Good economic results
The Binational Commission stems from an initiative by the Heads of Government Nelson Mandela and Helmut Kohl. Since 1996, it has met every two years, alternating between Germany and South Africa. Just under 9000 kilometres separate the two strategic partners – but they have more in common than many realise. This is partly due to the more than 600 German companies which operate in South Africa and the over 100,000 people who they employ in that country. Foreign Minister Steinmeier therefore spoke of “good results” in the economic sphere. He said there was growing interest in South Africa in German investment and German companies, in turn, are relying on the efforts of the South African Government in the spheres of good governance and conditions for investment.
Joint challenge: refugees and migration
Something else which Germany and South Africa have in common is that they shoulder responsibility in their respective regions. Both countries have taken in a large number of refugees and now want to enter into a dialogue about migration and humanitarian assistance in order to learn from each other and to compare tried and tested instruments. The efforts of the African Union to stabilise Libya as well as how African states deal with the limitation of legislative terms were among the regional issues on the Commission’s agenda.

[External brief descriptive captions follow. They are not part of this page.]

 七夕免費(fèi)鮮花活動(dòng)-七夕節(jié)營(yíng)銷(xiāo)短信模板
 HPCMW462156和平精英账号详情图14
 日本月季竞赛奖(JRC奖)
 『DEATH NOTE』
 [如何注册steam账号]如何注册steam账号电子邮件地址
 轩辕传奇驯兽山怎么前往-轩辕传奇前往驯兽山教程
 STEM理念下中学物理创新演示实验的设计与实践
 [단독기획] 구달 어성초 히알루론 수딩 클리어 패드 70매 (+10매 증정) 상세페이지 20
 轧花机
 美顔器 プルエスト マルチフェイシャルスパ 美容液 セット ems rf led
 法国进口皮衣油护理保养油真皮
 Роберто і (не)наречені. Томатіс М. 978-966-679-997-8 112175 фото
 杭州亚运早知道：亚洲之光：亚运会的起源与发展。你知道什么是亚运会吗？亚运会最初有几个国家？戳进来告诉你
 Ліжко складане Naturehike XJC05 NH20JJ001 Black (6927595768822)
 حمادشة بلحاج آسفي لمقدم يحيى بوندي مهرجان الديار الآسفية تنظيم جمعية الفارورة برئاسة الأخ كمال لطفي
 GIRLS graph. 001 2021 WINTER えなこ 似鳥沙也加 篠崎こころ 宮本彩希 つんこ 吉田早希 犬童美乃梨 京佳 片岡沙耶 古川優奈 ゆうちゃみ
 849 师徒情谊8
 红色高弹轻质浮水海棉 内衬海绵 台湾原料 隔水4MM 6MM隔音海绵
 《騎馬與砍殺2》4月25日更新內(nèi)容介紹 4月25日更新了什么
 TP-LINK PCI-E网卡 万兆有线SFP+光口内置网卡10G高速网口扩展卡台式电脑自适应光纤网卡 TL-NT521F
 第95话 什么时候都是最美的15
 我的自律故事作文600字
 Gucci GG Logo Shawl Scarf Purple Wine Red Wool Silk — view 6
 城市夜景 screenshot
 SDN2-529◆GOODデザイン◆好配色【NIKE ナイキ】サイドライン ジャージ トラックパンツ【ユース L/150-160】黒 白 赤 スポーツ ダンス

Discussion on the International Criminal Court
Developments surrounding the International Criminal Court were also discussed in the course of the talks. “We know that not all member states of the United Nations, including some of the larger member countries, have been in favour of the road to the International Criminal Court. It is therefore all the more regrettable that support is falling at present,” said Foreign Minister Steinmeier after the talks. The reasons why South Africa currently does not support the Court were also discussed.
At the end of the meeting, the Commission adopted a 15-page joint report which reflects the entire breadth of the cooperation: foreign and security policy, the economy and energy, development cooperation, the environment, science and technology, the arts and culture, labour and social affairs as well as vocational education and training.
The next Binational Commission is scheduled to take place in South Africa in 2018.